● Your goal:
In the entries below, begin at the line with "被解除合同退工单上如何写/2023061518949" and stop after the line with "DHU Arnica D 4 Dilution, 20 ml"; output those lines exactly and omit the pictures.

● Material provided:
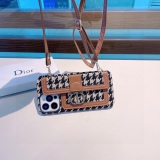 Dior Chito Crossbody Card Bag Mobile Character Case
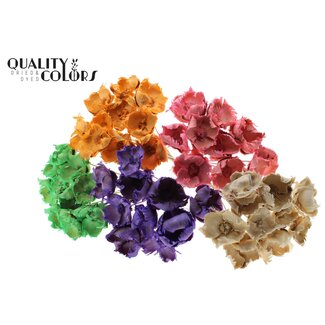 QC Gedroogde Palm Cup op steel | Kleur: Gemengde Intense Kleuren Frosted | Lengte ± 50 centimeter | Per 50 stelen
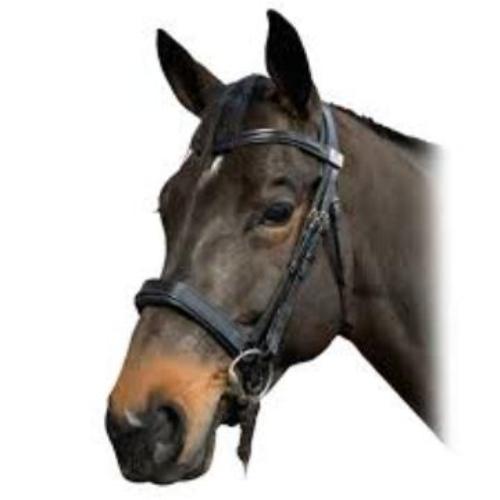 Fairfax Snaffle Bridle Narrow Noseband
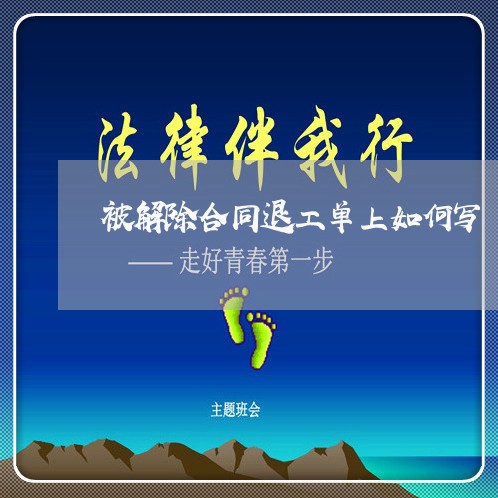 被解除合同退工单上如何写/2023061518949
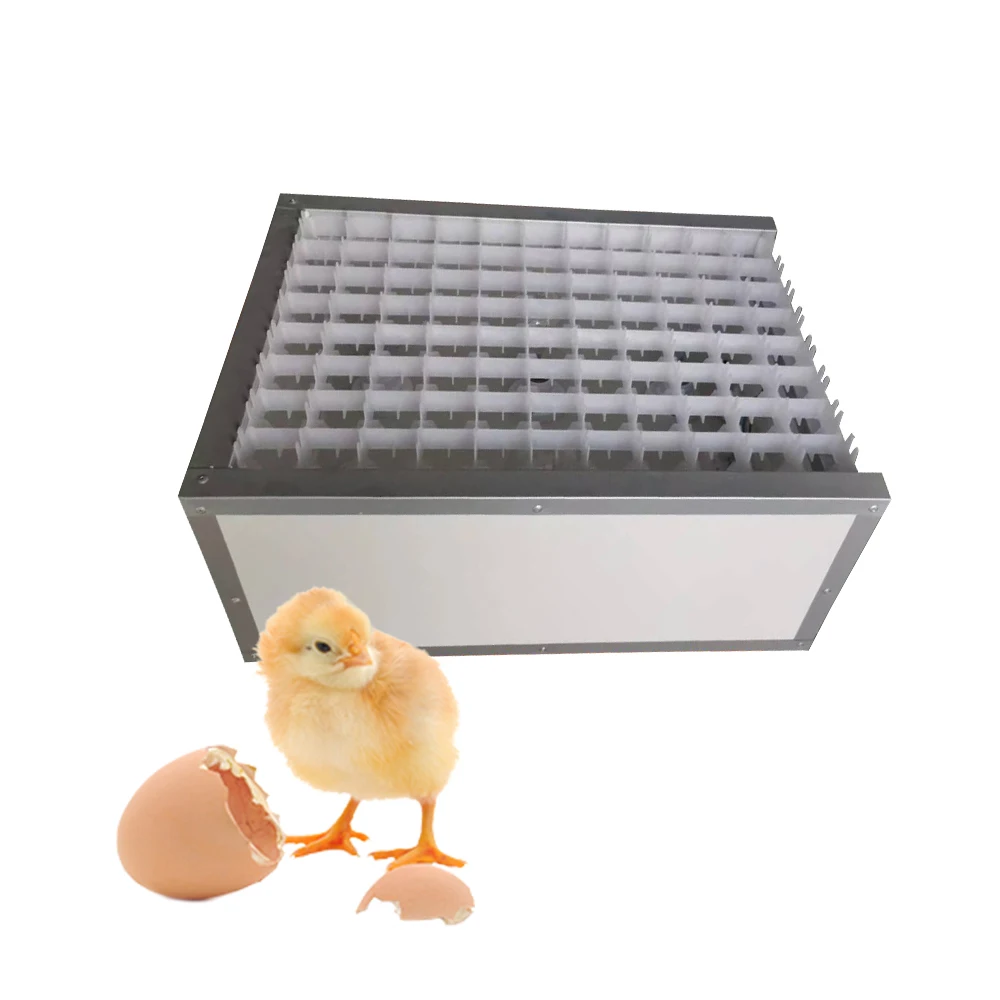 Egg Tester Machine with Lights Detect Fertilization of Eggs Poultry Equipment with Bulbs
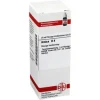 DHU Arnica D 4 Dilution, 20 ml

--

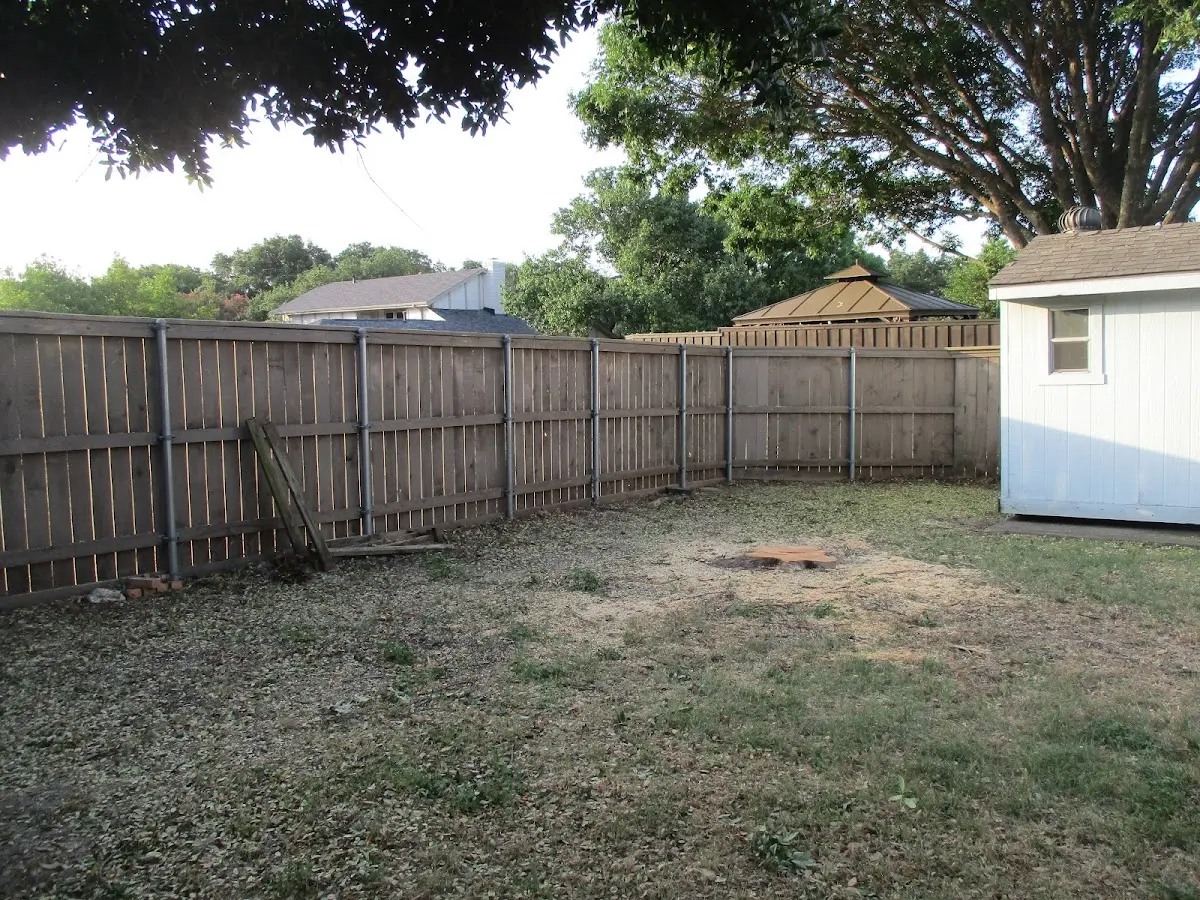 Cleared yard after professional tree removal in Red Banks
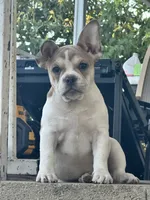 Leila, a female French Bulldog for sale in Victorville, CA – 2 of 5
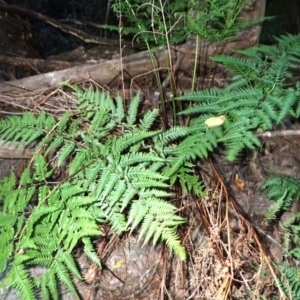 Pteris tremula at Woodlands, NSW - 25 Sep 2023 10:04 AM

● Response for this exercise:
 被解除合同退工单上如何写/2023061518949
 Egg Tester Machine with Lights Detect Fertilization of Eggs Poultry Equipment with Bulbs
 DHU Arnica D 4 Dilution, 20 ml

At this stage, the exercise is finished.